Eddie held his boomerang now, readying himself, squinting toward a platoon of enemy soldiers that stood in neat ranks on a distant crate, threatening the peace of the quiet afternoon. He threw the boomerang smoothly, and instead of wheeling off into the roses and smashing blossoms as it had the habit of doing, it described a neat circle, rising and then dipping toward the ranked enemy troops, falling upon them soundlessly and destroying them. St. Ives applauded, shouted encouragement to Cleo, and then turned his attention to Gilbert Frobisher who was telling Alice that he had finally seen the great bustard, on the wing over the marsh just yesterday, the creature’s body the size of a Smithfield ham. Hodgson had sought out the nest after seeing the bird take flight and had photographed a wonderful golden egg like something out of the Arabian Nights.

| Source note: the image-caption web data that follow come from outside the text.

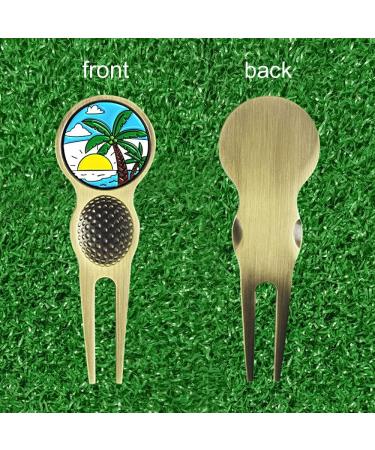 PINMEI Golf Divot Repair Tool with Removeable Ball Marker - Perfect Golf Gift for Men and Women - Buy Online on GoSupps.com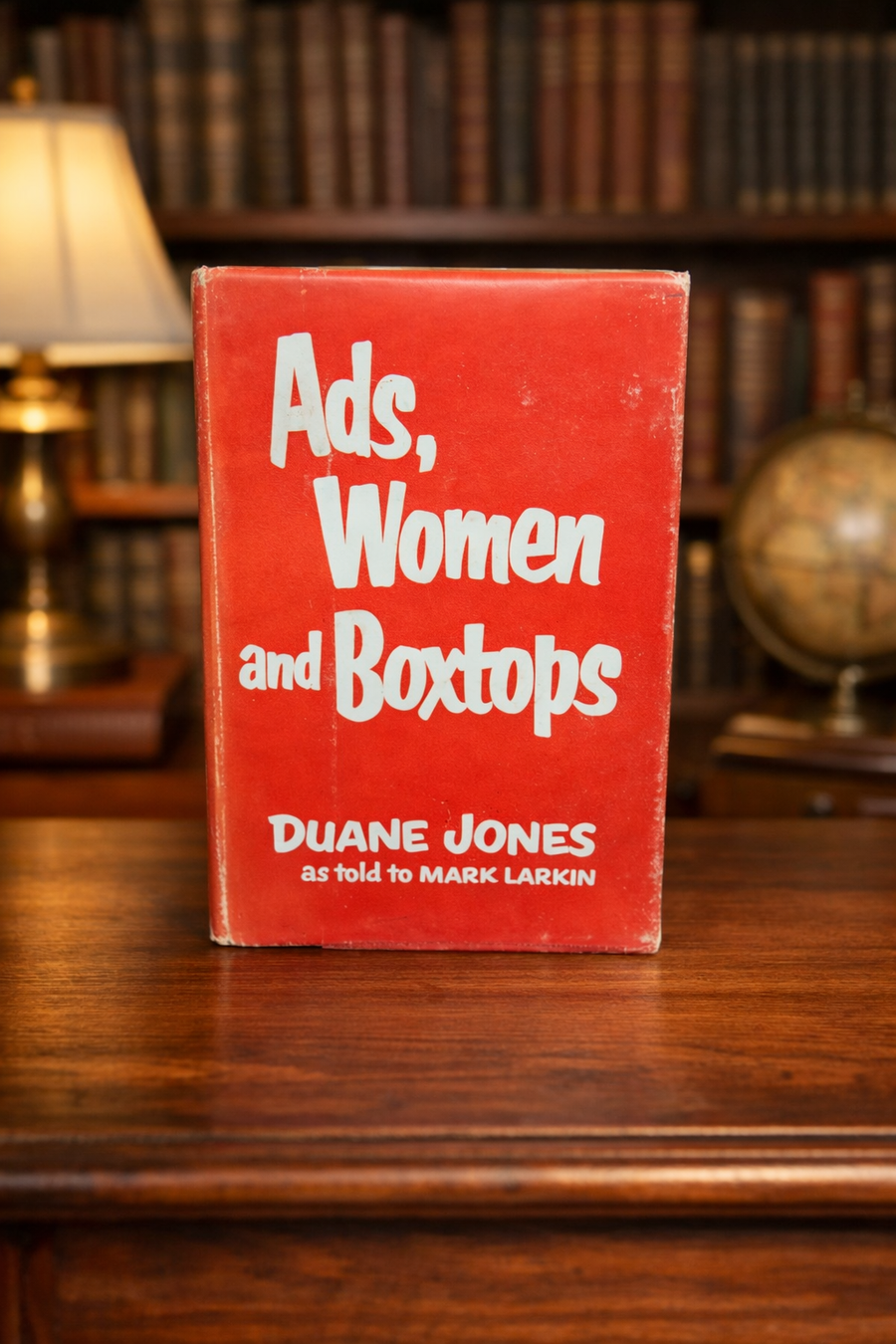 Ads, Women and Boxtops by Duane Jones, 1955 Printers' Ink Books hardcover with red dust jacket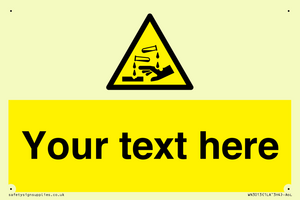 WN3013: Warning Corrosive Safety Sign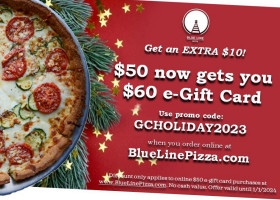 Blue Line Pizza food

Mother Laswell and Mrs. Langley came out through the open door of the gallery now and down the several steps, carrying covered dishes toward three great tables set up on the broad lawn. Hasbro carried a tray bristling with bottles of French wine – Chateau Latour, which Gilbert and Tubby had brought from the marsh along with crates of Gilbert’s pale ale, two vast pheasant-and-mushroom pies, and a tremendous treacle and cream pudding. Arthur Doyle and Jack Owlesby, seeing the train of food and drink crossing the lawn, gave off their game of Irish skittles and hurried forward. Dorothy had just knocked another pin out of the circle, and so accused them of abandoning the game from fear of losing to a woman.
St. Ives regarded the food and drink with an openly gluttonous look and thought of Tubby Frobisher’s signifying jam pot. Abruptly he wondered what had become of Finn Conrad, who had been away this past hour and a half on a mysterious errand. Hot food wanted eating, after all, but he didn’t like the idea of sitting down to it without Finn in the company.
Cleo let out a sudden shriek, handed her roll of kite string to Bill Kraken, and set out at a run toward the wisteria alley, catching and passing her brother, who waved his boomerang as he ran. St. Ives heard Alice laugh, and he stood up, feeling her hand on his shoulder.
“Happy birthday, darling,” she said to him.
Across the lawn, coming in from the direction of Aylesford, Finn rode atop an immense Indian elephant draped in scarlet and gold cloth decorated with bangles. It came into St. Ives’s head that he was quite possibly dreaming, but Alice’s touch and her happy laughter were far too real to be a figment. The beast skirted the rose garden with an admirable delicacy and walked placidly toward them, looking around with what appeared to be satisfaction on its wrinkled face before raising its trunk so that Finn Conrad could hand it a length of sugar cane.